- _TASK STATEMENT_
There is one span to output from the data below: the lines starting at the line with "In this video, I'm" and ending at the line with "The goal is". Output it exactly, ends included, nothing more.
BEGIN RECORDS SHOWN
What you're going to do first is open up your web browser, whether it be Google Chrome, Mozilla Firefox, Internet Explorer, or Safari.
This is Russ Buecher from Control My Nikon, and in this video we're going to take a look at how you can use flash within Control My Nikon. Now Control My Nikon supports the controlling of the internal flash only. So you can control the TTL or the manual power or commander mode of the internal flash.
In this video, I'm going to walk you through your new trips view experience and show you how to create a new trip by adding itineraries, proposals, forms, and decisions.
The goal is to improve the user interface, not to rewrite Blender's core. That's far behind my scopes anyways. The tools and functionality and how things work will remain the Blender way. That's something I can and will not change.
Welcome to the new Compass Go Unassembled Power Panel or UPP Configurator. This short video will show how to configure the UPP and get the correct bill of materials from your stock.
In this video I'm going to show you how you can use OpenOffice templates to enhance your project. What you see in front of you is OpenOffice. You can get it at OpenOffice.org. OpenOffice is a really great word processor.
END RECORDS SHOWN
BEGIN RECORDS SHOWN
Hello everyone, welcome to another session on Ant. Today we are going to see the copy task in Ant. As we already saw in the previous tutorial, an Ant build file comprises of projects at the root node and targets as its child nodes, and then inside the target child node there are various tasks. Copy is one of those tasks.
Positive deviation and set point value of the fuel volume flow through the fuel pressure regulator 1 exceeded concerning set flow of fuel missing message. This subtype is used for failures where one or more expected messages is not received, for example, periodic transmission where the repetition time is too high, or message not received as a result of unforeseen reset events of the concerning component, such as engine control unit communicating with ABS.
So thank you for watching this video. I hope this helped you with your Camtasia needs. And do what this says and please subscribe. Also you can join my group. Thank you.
END RECORDS SHOWN
- _TASK RESPONSE_
In this video, I'm going to walk you through your new trips view experience and show you how to create a new trip by adding itineraries, proposals, forms, and decisions.
The goal is to improve the user interface, not to rewrite Blender's core. That's far behind my scopes anyways. The tools and functionality and how things work will remain the Blender way. That's something I can and will not change.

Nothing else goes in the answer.